◆ **Task item**
Reproduce every line of the material below, but drop the pictures.

◆ **Provided data**
↓↓↓

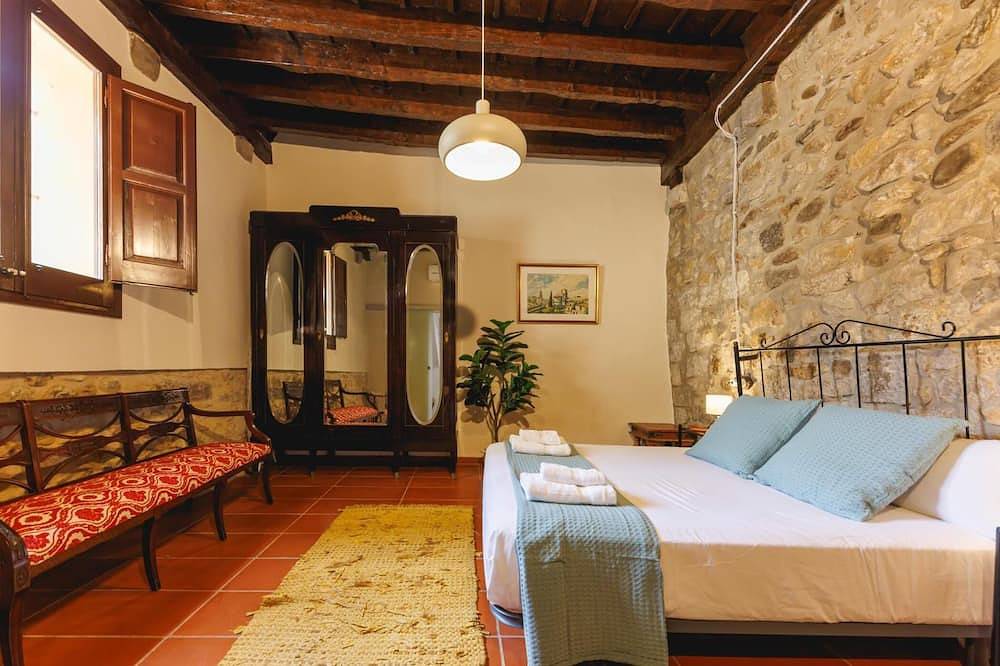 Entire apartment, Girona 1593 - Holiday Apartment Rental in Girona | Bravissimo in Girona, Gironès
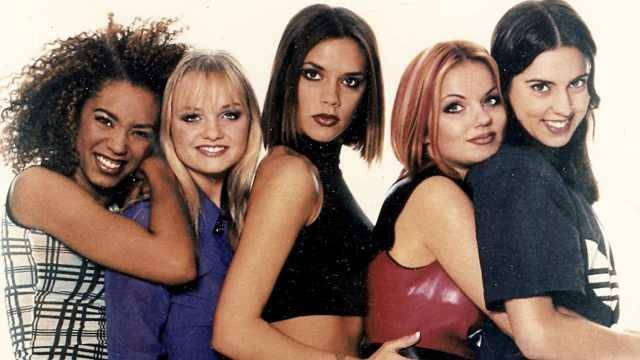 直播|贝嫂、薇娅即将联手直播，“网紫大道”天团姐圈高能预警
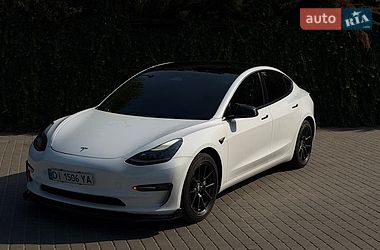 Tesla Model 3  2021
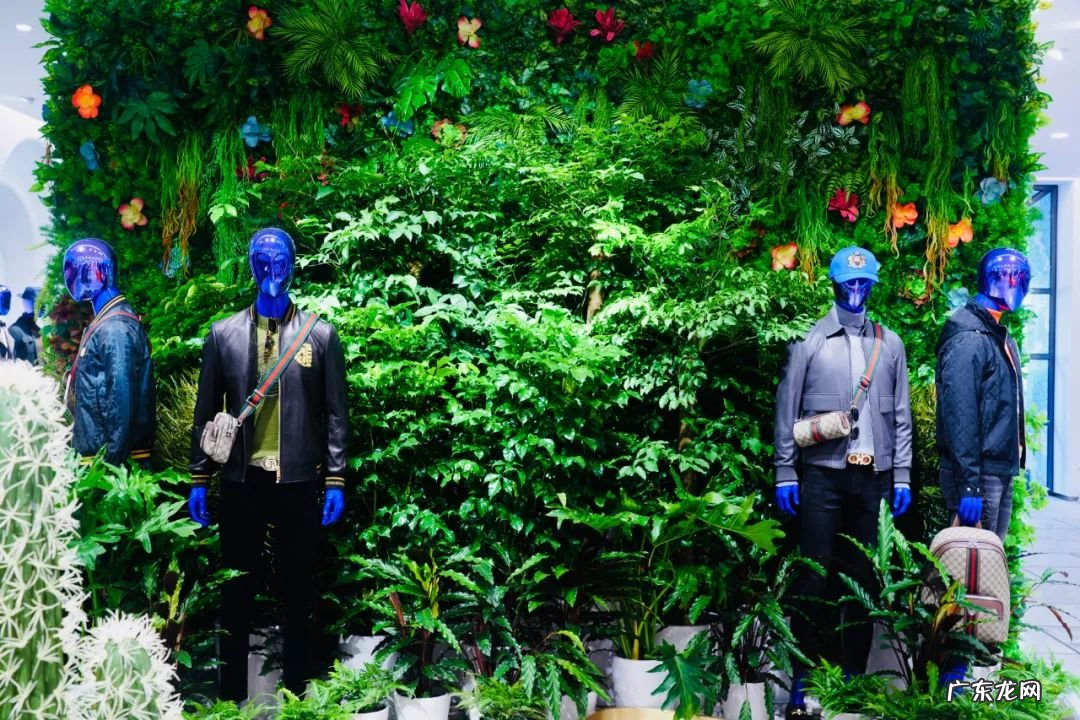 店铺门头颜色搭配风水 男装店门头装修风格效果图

↑↑↑

◆ **Task answer**
 Entire apartment, Girona 1593 - Holiday Apartment Rental in Girona | Bravissimo in Girona, Gironès
 直播|贝嫂、薇娅即将联手直播，“网紫大道”天团姐圈高能预警
 Tesla Model 3  2021
 店铺门头颜色搭配风水 男装店门头装修风格效果图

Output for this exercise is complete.